統計解析パッケージPingouinを使ってみる

Mediumを眺めていたらこんな記事を見かけました。

Medium

Accelerate Complicated Statistical Test for Data Scientist with Pingouin

https://towardsdatascience.com/accelerate-complicated-statistical-test-for-data-scientist-with-pingouin-f98f29184400

Quick and easy important statistical test in one package

Pythonで利用できる統計解析ライブラリとしてはSciPyのstatsくらいしか知らなかったのですが、上の記事を読んでみるとPingouinがなかなか便利そうだなと感じました。
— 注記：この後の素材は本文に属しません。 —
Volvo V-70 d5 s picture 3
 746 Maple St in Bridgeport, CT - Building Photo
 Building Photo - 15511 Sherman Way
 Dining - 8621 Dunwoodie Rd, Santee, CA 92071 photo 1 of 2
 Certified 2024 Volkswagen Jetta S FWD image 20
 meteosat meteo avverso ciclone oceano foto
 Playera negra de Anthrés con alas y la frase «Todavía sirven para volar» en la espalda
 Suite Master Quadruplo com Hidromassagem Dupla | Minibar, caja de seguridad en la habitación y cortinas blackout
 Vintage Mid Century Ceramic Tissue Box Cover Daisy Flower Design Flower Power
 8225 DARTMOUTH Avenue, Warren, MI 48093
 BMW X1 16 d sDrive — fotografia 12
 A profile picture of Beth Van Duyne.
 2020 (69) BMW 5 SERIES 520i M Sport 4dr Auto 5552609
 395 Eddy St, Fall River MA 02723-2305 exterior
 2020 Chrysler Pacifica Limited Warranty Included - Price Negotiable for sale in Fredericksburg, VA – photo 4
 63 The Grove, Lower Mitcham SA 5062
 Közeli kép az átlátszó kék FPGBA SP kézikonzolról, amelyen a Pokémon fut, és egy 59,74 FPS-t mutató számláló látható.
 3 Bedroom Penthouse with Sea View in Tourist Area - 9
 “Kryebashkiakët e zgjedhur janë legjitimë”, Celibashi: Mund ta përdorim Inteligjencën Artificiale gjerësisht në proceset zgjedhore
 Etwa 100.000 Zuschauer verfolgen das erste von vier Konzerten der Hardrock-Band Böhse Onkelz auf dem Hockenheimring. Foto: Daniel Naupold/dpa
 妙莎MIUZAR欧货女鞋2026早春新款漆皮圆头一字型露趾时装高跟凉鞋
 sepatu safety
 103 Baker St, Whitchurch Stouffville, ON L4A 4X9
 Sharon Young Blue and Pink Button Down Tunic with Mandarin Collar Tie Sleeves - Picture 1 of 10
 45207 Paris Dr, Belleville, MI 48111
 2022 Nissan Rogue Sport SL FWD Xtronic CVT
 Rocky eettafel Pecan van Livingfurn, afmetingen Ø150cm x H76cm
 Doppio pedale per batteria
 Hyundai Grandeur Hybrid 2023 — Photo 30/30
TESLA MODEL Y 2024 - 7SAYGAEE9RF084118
今回は実際にPingouinを使ってみた感想を述べたいと思います。
コードはGitHubにあげています。

1. Pingouinとは
2. Pingouinで分散分析をやってみる
3. 最後に

Pingouinとは

Pingouinは統計解析パッケージの1つで、シンプルな記述であるにもかかわらず、網羅的な統計関数を利用できます。
Pythonで統計解析といえばSciPyがよく使われますが、例えばSciPyのttestだとt値とp値だけしか取得できません。
一方、Pingouinではt値とp値に加えて、自由度、効果量 (Cohenのd)、平均値の差の95%信頼区間、統計的検出力、検定のベイズ因子 (BF10)も取得できます。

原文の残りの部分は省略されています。